Since this is a judgment under two hundred paragraphs long, I will not begin with a faint stab at poetic licence by describing the physical setting of the events. It’s a judgment, not some milquetoast TripAdvisor review. Rather, it is enough to record that on X date, the District Court made the decision under appeal. If I’m going to allow the appeal, I’ll either name the judge once in passing or, if I thought they really borked this one, I’ll omit their name entirely. If I’m going to dismiss the appeal, I’ll give the District Court judge’s first and last name, IRD number, star sign and find a way to work in the fact they are an “experienced District Court judge” somewhere around paragraph 25.
Next I’ll state what the appellant’s grounds of appeal are. These will largely be my gloss on what were incoherent grounds in submissions. The sole exception is the one hopeless ground that appellant’s counsel stuck to despite my best efforts during the hearing to dislodge them from that rocky redoubt. I will faithfully record that but with liberal use of inverted commas.
Then, briefly to the respondent’s position. As usual, all the respondent has done is say “no it isn’t” every time the appellant has said “yes it is”, which is the height of advocacy for a seven year old.
As a final introductory remark I’ll regret the time it has taken to deliver this decision. This judgment is being released one day short of three months after the hearing, because the cut-off for timely delivery stats is three months, and the Chief High Court Judge will get on my case if it ticks over to the three-to-six month band.
If we’re lucky the appeal is on a point of law so I can rip these from the decision below and just whack them in a blockquote.
If it’s an appeal against factual findings I have to carefully rewrite the facts from the decision below in my own words so it doesn’t look like I’ve ripped them from the decision below and just whacked them in a blockquote. When it gets to the challenged facts I have to go back to the briefs/statements and transcripts of evidence, hardly any of which are pinpointed in the parties’ submissions but all of which have exploded comically across my desk.

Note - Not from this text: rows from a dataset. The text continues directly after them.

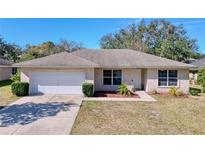 Single-story house with a white garage door and landscaped lawn at 4490 Treasure Cay Rd, Tavares, FL 32778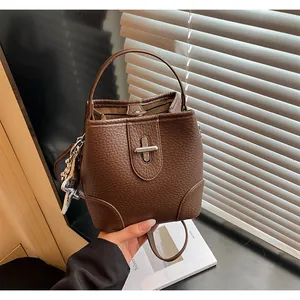 Détail du sac seau en cuir grainé marron avec fermoir tournant métallique élégant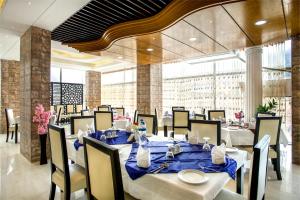 a dining room with white tables and chairs and a large window at White Palace Hotel in Dhaka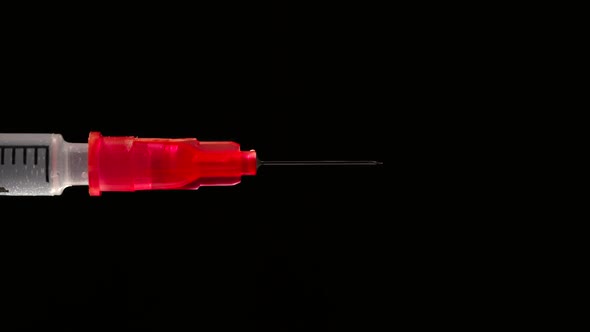 Drop On The End Of Needle Of A Syringe - Side View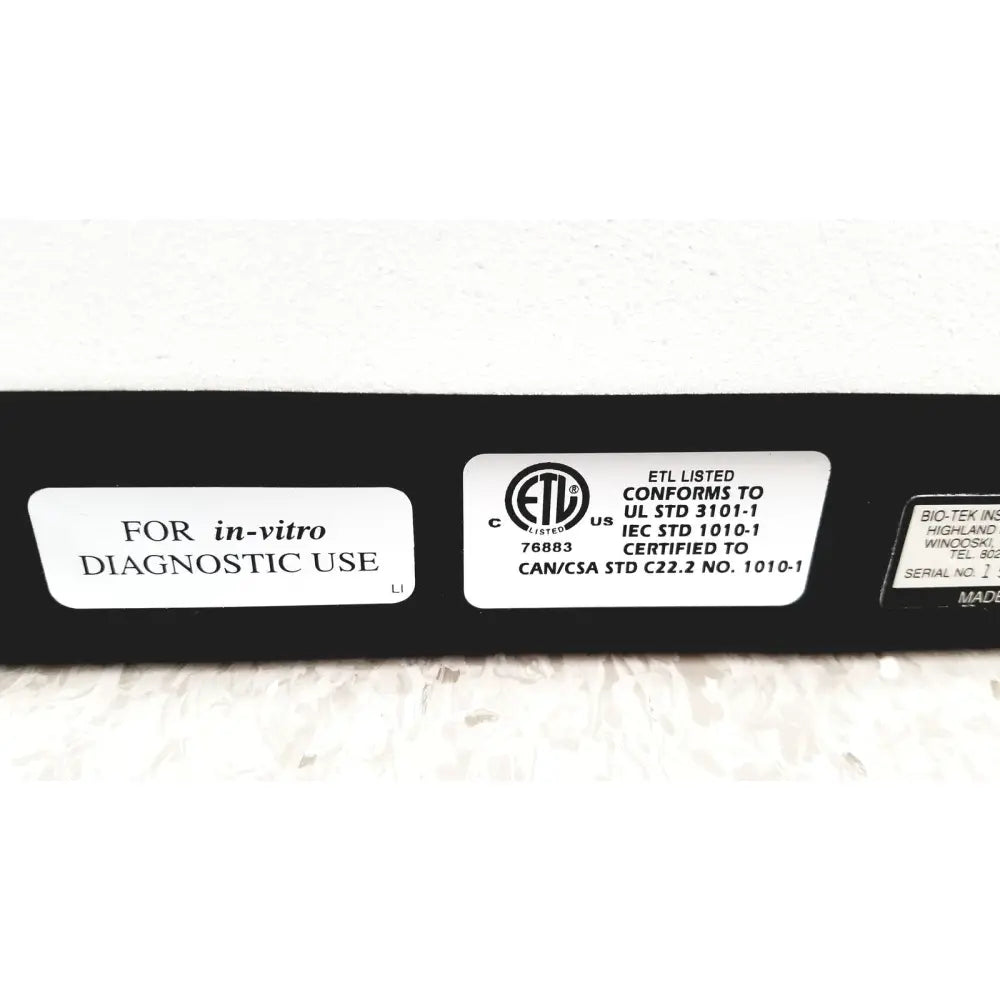 Black rectangular instruments elx800 universal microplate reader showing white certification labels on its back side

Lastly, one of the parties spent a good 25 minutes at the hearing talking about one factual dispute which is now basically pointless because (a) it’s not material to my reasoning; and (b) I can’t read my own handwriting from the notes I took at the hearing. Nevertheless I have to give that an airing in three or so vague paragraphs because if I don’t one of the parties will accuse me of overlooking it.
Test on appeal
Definitely a general appeal. I think. It’s usually a general appeal. Anyway, time to find one of my old judgments and copy and paste the usual bit about Austin, Nichols or Kacem v Bashir or Tutakangahau v R.
The grounds of appeal
One side’s submissions blow past any reasonable page count and the other side’s only meet it because they’ve not complied with rules about line and paragraph spacing. Nevertheless, the job of a judge is to rise above.

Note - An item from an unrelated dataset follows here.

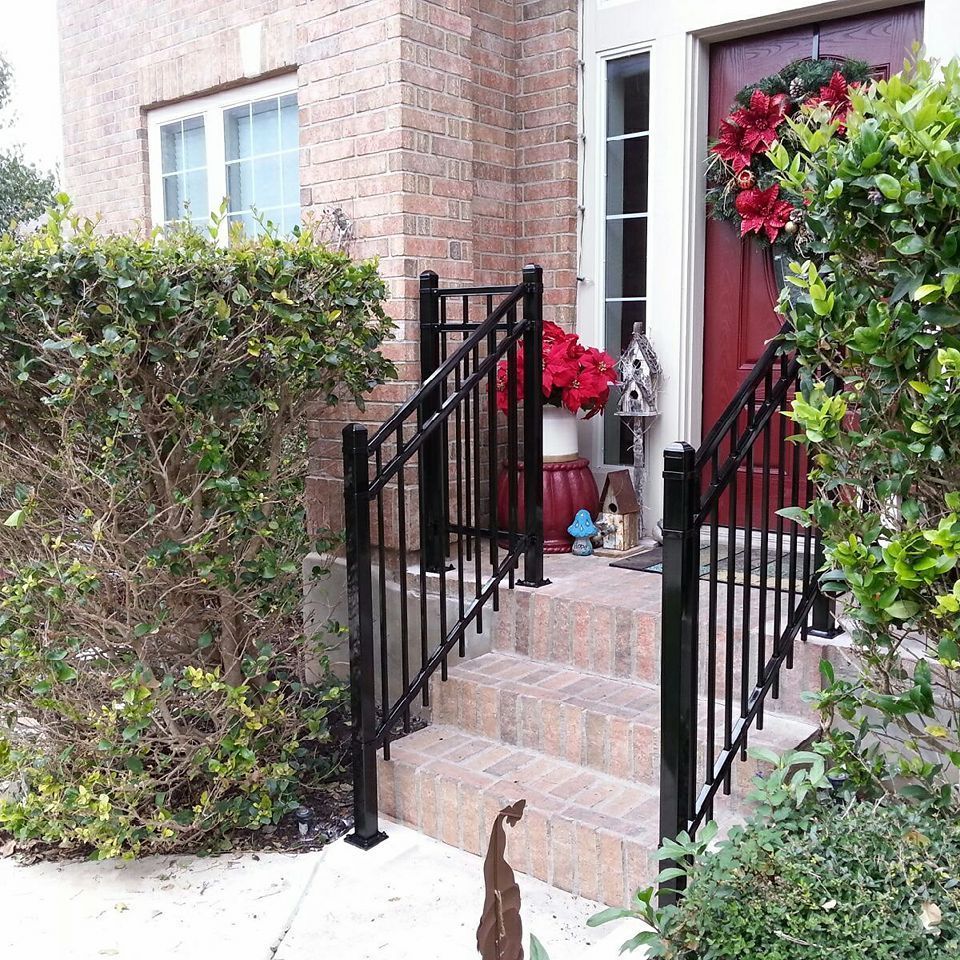 Front porch with black railings, brick steps, and red flowers beside a house entrance.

Start with the only decent point in the entire thing. Usually it is sub-point (d) of the third ground of appeal and occupies about two paragraphs of the written submissions. But it’s the only point in the case that will let me get to the right result so the judgment will take a few liberties with how it’s characterised. From that spark, to a blaze with the help of a few authorities my clerk found and at last we’re getting somewhere.
The respondent’s submissions cite unimaginative Court of Appeal decisions mostly from the 1980s and all before 2010. It is just a wall of appellate authority saying you can’t do what the appellant wants to do, but in very general terms. The submissions make no attempt to grapple with the individual justice of the case and proceed on a mistaken assumption that this is my first rodeo and some old Court of Appeal decisions can stop me.

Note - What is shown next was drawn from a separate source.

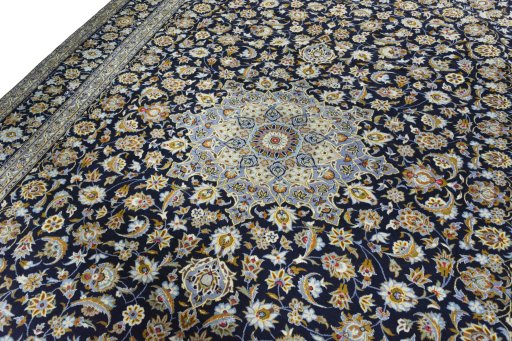 Backside of handmade 2000s Kashan rug showing knot structure and weave density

Decision time. This goes one of two ways. To allow an appeal, I work forwards: find a very broadly expressed principle in the governing statute that can be used to support my reasoning. Then, I’ll build upon this edifice ensuring the reasoning comes out in a “this is what Parliament wants” kind of way, and there are sufficient sockets to plug in the facts. To dismiss an appeal, I work backwards: it’s a matter of saying the end result was correct, and after that any error by the court below didn’t or couldn’t affect the outcome. At paragraph 25 I mention the fact there was an experienced District Court judge. In extreme cases, I refer to the busy District Court list: the home of errors but not injustices.
The other grounds I can blitz through because they were only put out there on an “in for a penny” basis by counsel who mistakenly believed a person can have more than one good idea per case. The grounds that don’t have a complete answer in the governing statute find one in common sense.
Result and disposition
I conclude by restating my conclusion as to the error or lack thereof. If there is an error I need to state what to do, which normally involves overlooking the impact of some internecine interlocutory wrangling that neither party has told me about and which will force me to recall the judgment in a week or two to restate the relief.
I’ll give a tentative indication of any costs consequences that both parties will ignore, and so I’ll place a miserly page limit on costs submissions knowing that that will be ignored too.